■ WORK TO COMPLETE
Copy every entry exactly as it stands, though any image it holds should stay out of the copy.

________

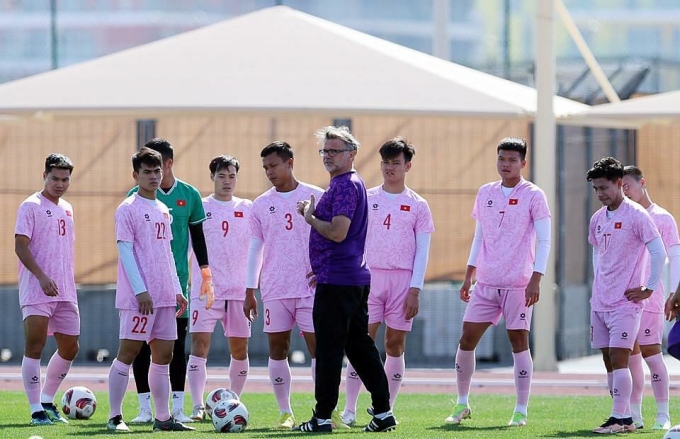 يتدرب منتخب فيتنام قبل المباراة مع إندونيسيا. الصورة: VFF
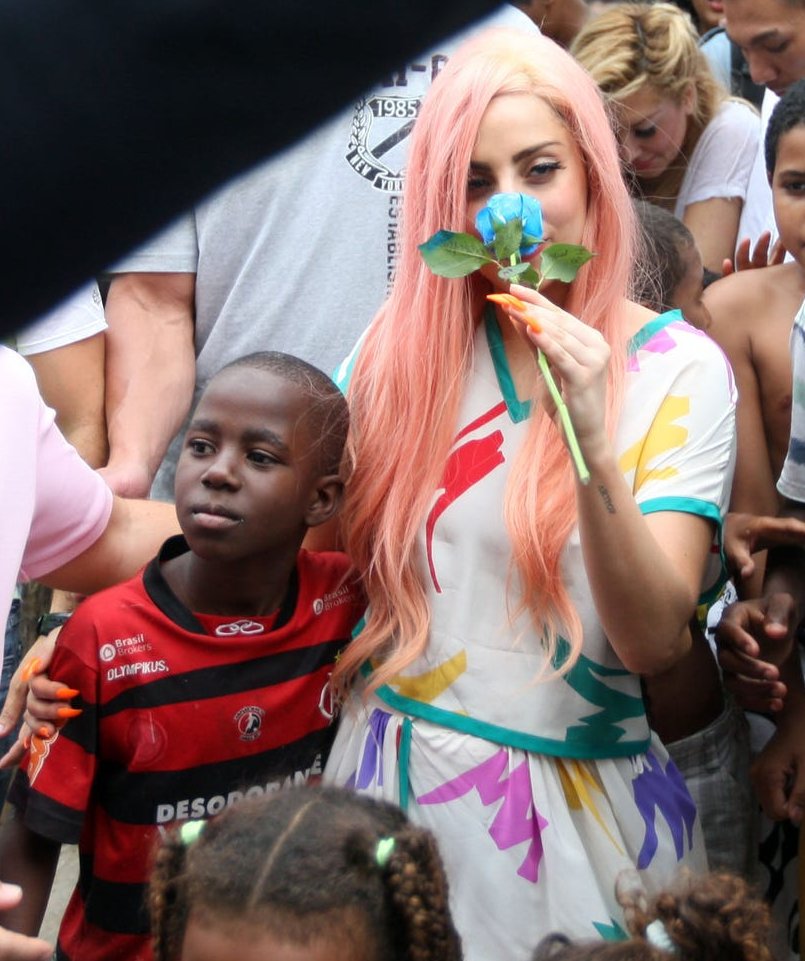Gaga Notify tweet media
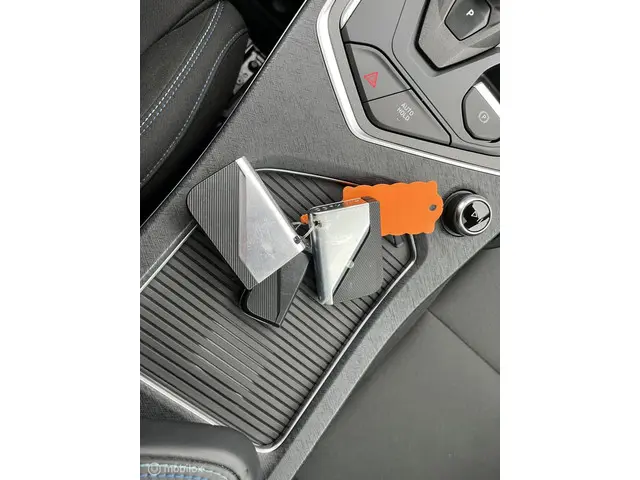 Lynk & Co 01 1.5 2022 Hybride Benzine 27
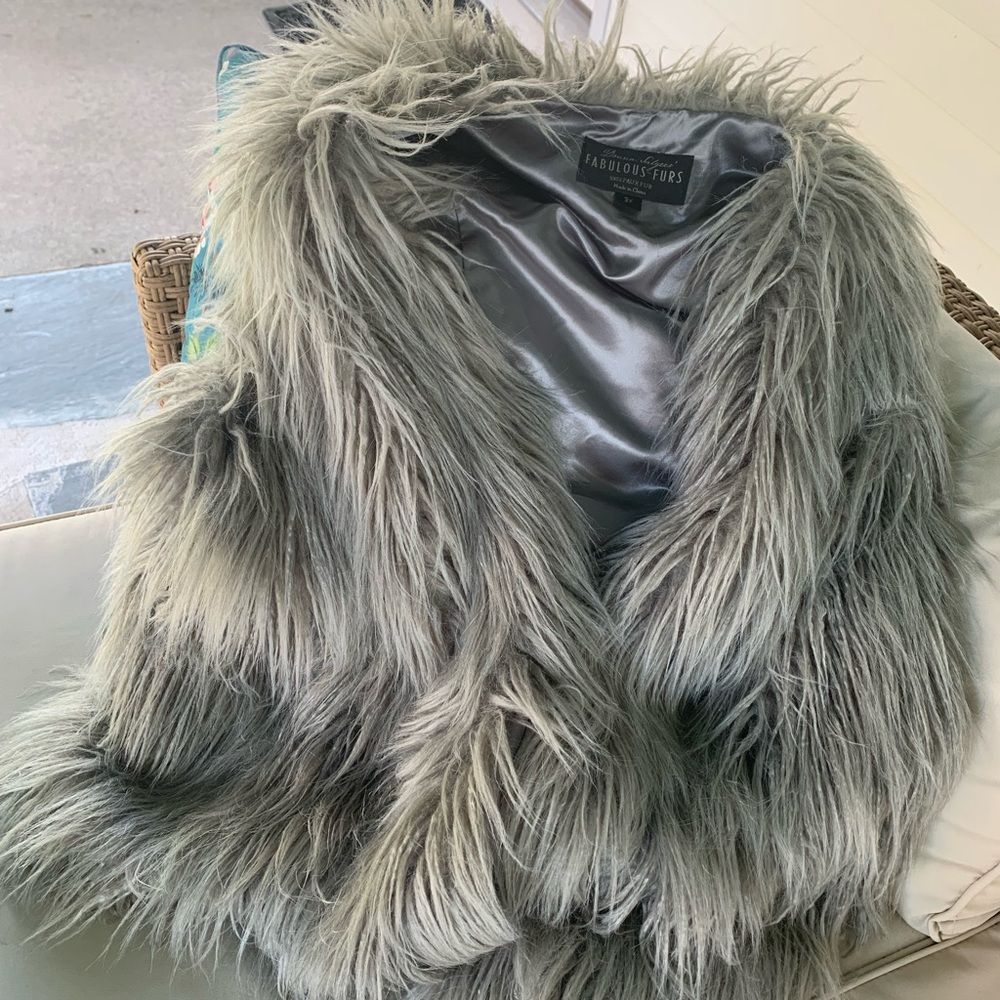 Fabulous Furs Gray Faux Fur Vest - Picture 6 of 8
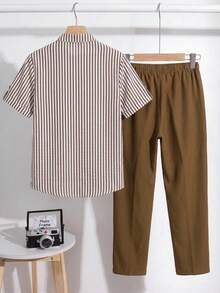 SHEIN Set de 2 piezas Estilo casual escolar para niños preadolescentes: Camisa de cuello mao gris y pantalones elásticos a rayas, adecuado para ir y venir, escuela, uso diario casual, deportes, primavera/verano - Café integral - Ver 2
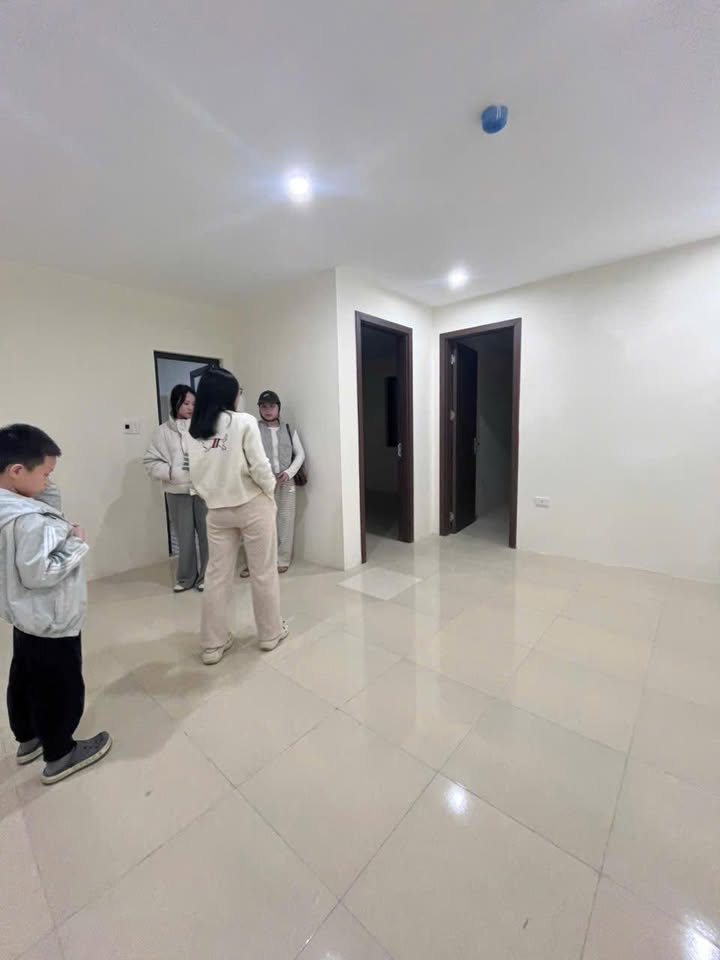 Căn hộ Quảng Thành 2 phòng ngủ giá 3 triệu - Tầng trung tiện nghi!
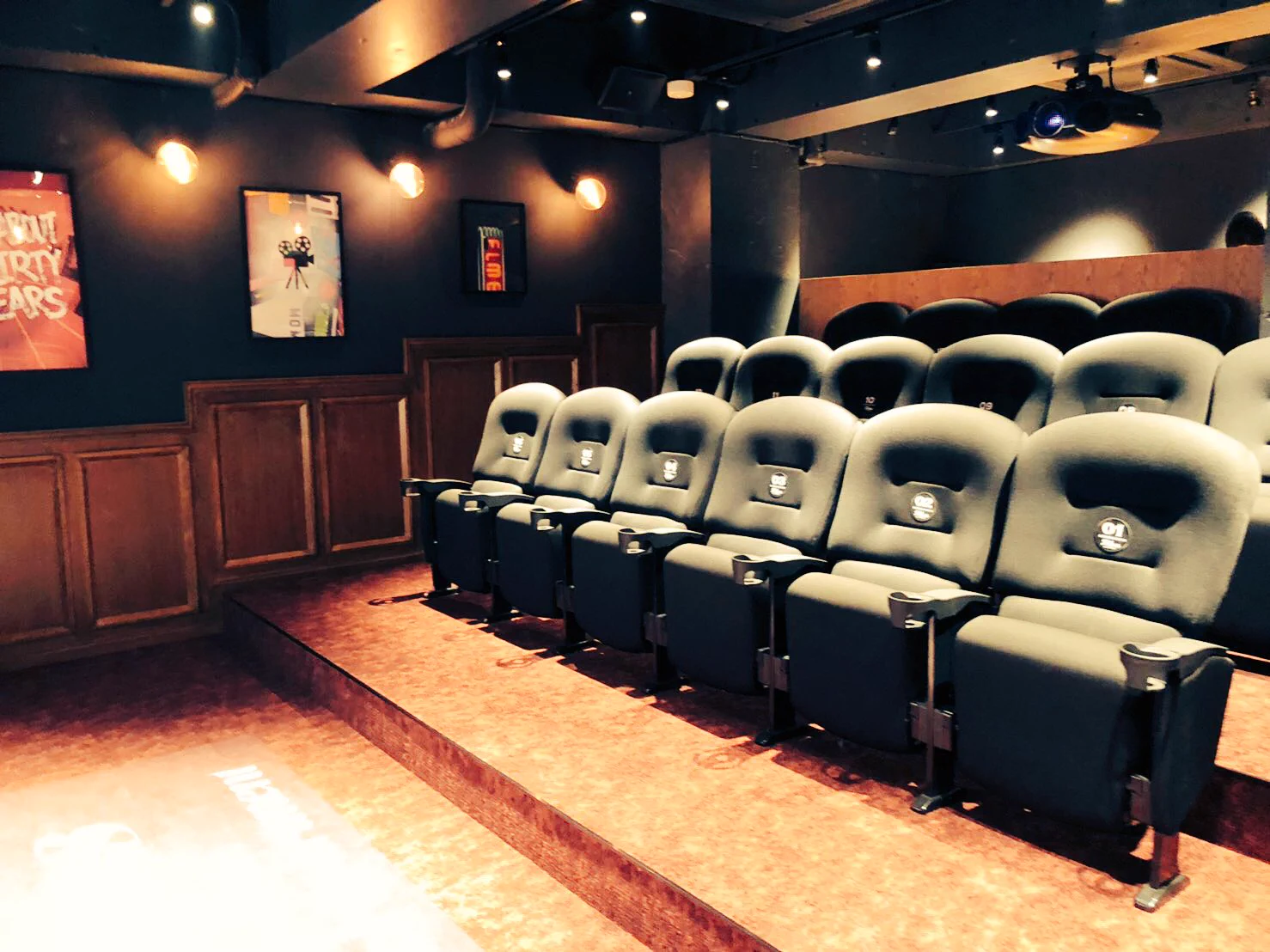 すごいなぁ！家の中に映画館のようなホームシアターあるの？！驚きました！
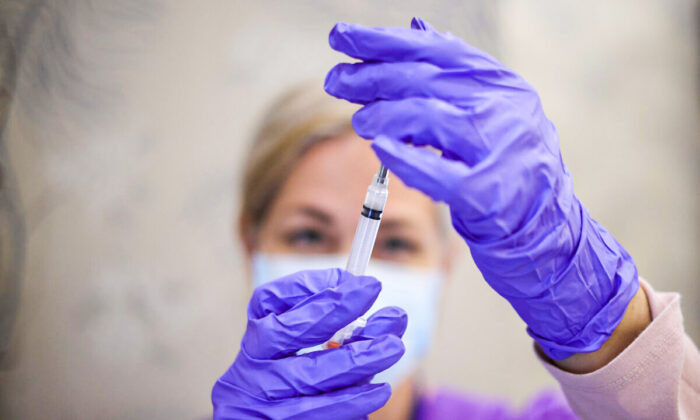 Une infirmière tire une dose de vaccin d'un flacon à Bowie, dans le Maryland, le 25 mars 2021. (Win McNamee/Getty Images)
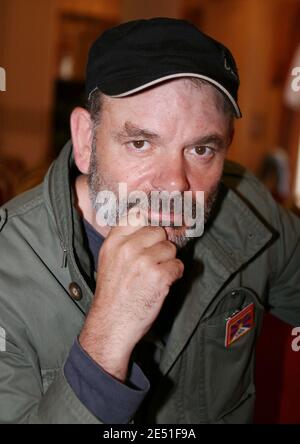 EXKLUSIV. Schauspieler Jean-Pierre Darroussin posiert für unseren Fotografen während der 61. Filmfestspiele von Cannes am 16. Mai 2008 in Cannes, Frankreich. Foto von Denis Guignebourg/ABACAPRESS.COM Stockfoto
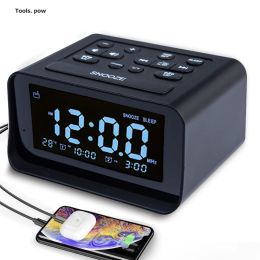 Clocks Digital Alarm Radio Radio avec USB Charging Port Electric Clock Brightness Forme ALARMABLE Volume d'alarme FM Timer de la minuterie de sommeil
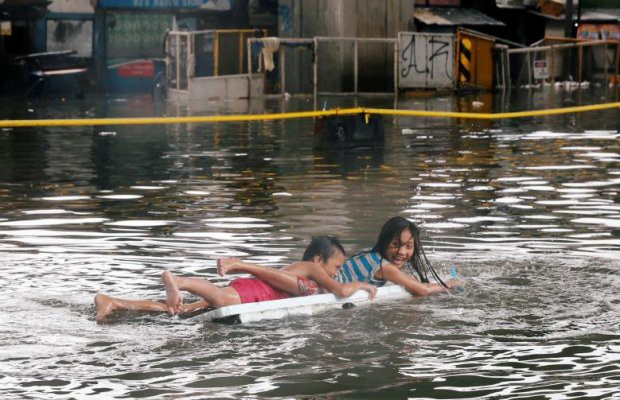 Người dân Philippines oằn mình với ngập lụt vì bão Sơn Tinh - Ảnh 14.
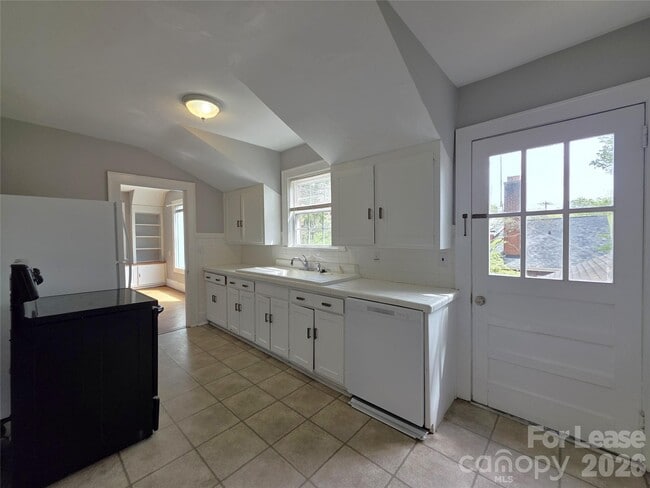 Building Photo - 754 Montgomery Ave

________

■ YOUR SOLUTION
 يتدرب منتخب فيتنام قبل المباراة مع إندونيسيا. الصورة: VFF
Gaga Notify tweet media
 Lynk & Co 01 1.5 2022 Hybride Benzine 27
 Fabulous Furs Gray Faux Fur Vest - Picture 6 of 8
 SHEIN Set de 2 piezas Estilo casual escolar para niños preadolescentes: Camisa de cuello mao gris y pantalones elásticos a rayas, adecuado para ir y venir, escuela, uso diario casual, deportes, primavera/verano - Café integral - Ver 2
 Căn hộ Quảng Thành 2 phòng ngủ giá 3 triệu - Tầng trung tiện nghi!
 すごいなぁ！家の中に映画館のようなホームシアターあるの？！驚きました！
 Une infirmière tire une dose de vaccin d'un flacon à Bowie, dans le Maryland, le 25 mars 2021. (Win McNamee/Getty Images)
 EXKLUSIV. Schauspieler Jean-Pierre Darroussin posiert für unseren Fotografen während der 61. Filmfestspiele von Cannes am 16. Mai 2008 in Cannes, Frankreich. Foto von Denis Guignebourg/ABACAPRESS.COM Stockfoto
 Clocks Digital Alarm Radio Radio avec USB Charging Port Electric Clock Brightness Forme ALARMABLE Volume d'alarme FM Timer de la minuterie de sommeil
 Người dân Philippines oằn mình với ngập lụt vì bão Sơn Tinh - Ảnh 14.
 Building Photo - 754 Montgomery Ave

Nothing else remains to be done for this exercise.